5 Proposed model TULRN

As presented in Figure 2, we will transform each trajectory into a sequence of road segments firstly. Before the transformation, we need to conduct road network matching, i.e., align sample points of a trajectory onto the road network [27]. To achieve the matching effectively, in this work, we adopt a state-of-the-art model [37], which is developed based on the Hidden Markov Model and code available^{Footnote 1}. Notably, the core part of this study is linking trajectories to their owners with well-designed deep learning modules, thus the details of preprocessing (i.e., map-matching) of the input data are omitted here. After map-matching, we obtain the trajectory sequence TS(τ) for each trajectory τ in S.

5.1 Construction of the graph RTSG

Following the map-matching, we construct a road network-aware trajectory sequence graph called RTSG. Specifically, we connect each road segment of a trajectory sequence TS(τ) to an edge in graph G, and connect each intersection of TS(τ) to a node of G. Finally, we obtain the graph RTSG by merging all trajectory sequences with the given road network graph.

5.2 Node embedding

For most GNN models, they only consider the node features of the graph yet ignore the edge features. To obtain a fixed-length node sequence for learning, these methods usually use the adjacency matrix for sampling according to the neighbors of a node, and ignore the edge weight during the sampling. When the number of nodes in the entire graph is large, these methods tend to sample unremarkable nodes and omit unique nodes, which will cause a serious loss of feature information of the graph. Having observed the shortcoming of existing work, we design a novel sampling strategy based on edge weight. Specifically, the calculation of edge weight is presented as follows.
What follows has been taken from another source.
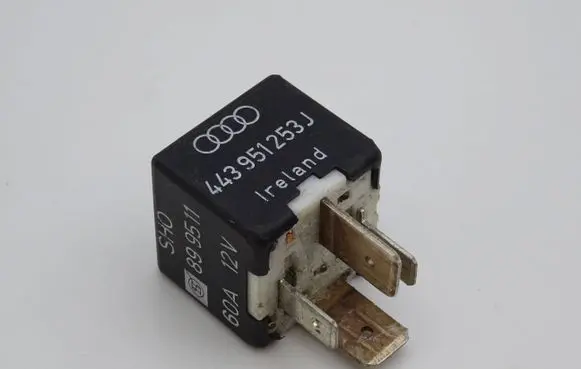 Audi A4 S4 B5 8D Other relay 443951253J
We claim that the edges that have been visited by users in graph RTSG are not equally important. The edges corresponding to hot road segments are usually useless for distinguishing a user from others, while the edges visited by fewer users are more discriminative. Based on this idea, we propose to compute the edge weight with entropy, which is the expected value of the information contained in each message in relation to the importance of the message^{Footnote 2}. Shannon entropy is a typical entropy, which is a common tool and has been widely used in many applications [38, 39], Renyi entropy is a generalized version of it and has proven more powerful [40]. Given a set of users U = {u₁,u₂,⋯ ,u_n}, the Renyi entropy of an edge e is defined as follows:

$$ \begin{array}{@{}rcl@{}} H(e) = \frac{1}{1-q}\log\sum\limits_{i=1}^{n}\left( \frac{N_{u_{i}}(e)}{M_{u_{i}}}\right)^{q} \end{array} $$

(1)

where $N_{u_{i}}(e)$ is the number of times that u_i passes through the road segment corresponding to e, and $M_{u_{i}}$ denotes the total number of road segments that u_i has visited. Following the work [38, 40], the parameter q makes Renyi entropy much more expressive and flexible than Shannon entropy, and it indicates entropy’s sensitivity to the number $N_{u_{i}}(e)$, and more details are discussed in [40]. Next, we give the definition of the edge weight w(e) as follows based on H(e),

$$ \begin{array}{@{}rcl@{}} w(e)&=& \exp\big(-H(e)\big) \\ &=& \exp\Big(-\frac{1}{1-q}\log\sum\limits_{i=1}^{n}\left( \frac{N_{u_{i}}(e)}{M_{u_{i}}}\right)^{q}\Big)\\ &=& \left( \sum\limits_{i=1}^{n}\left( \frac{N_{u_{i}}(e)}{M_{u_{i}}}\right)^{q}\right)^{\frac{1}{q-1}} \end{array} $$

(2)

Apart from the edge weight calculation, we construct a feature vector f_i for each node e_i in RTSG based on word embedding before sampling. Next, to obtain a complex representation for each node with interactive information, we sort the edges in RTSG according to the weights of them from large to small. During the aggregation process, we sample nodes with different probabilities, i.e., the node with a larger weight is more likely to be sampled and vice versa. The feature matrix F = {f₁,f₂,⋯ ,f_n} provides the initial input for each sampled point. Suppose that the representation of the sampling point p_i (i.e., a node in RTSG) in the k −th layer is expressed as ${h^{k}_{i}}$, and $\{{h^{k}_{N}}\}$ denotes the representation of the sequence of nodes to be sampled by p_i in k-th layer, the representation of the sampling point p_i in the (k + 1) −th layer is:

$$ \begin{array}{@{}rcl@{}} h^{k+1}_{i} = \sigma(W \cdot Mean({h^{k}_{i}} \oplus \{{h^{k}_{N}}\})) \end{array} $$

(3)

Following the node embedding, we can obtain the trajectory representation based on the trajectory sequence. By way of illustration, the red and blue dotted lines in Figure 3 denote the trajectory sequences of τ₁ and τ₂ in RTSG respectively. Then, we can obtain trajectory representation $\textbf {e}_{\tau _{1}}$ by concatenating the embeddings of p₃, p₄, p₅, and p₇. Similarly, the representation $\textbf {e}_{\tau _{2}}$ is obtained by concatenating the embeddings of p₇, p₆, p₁, and p₃.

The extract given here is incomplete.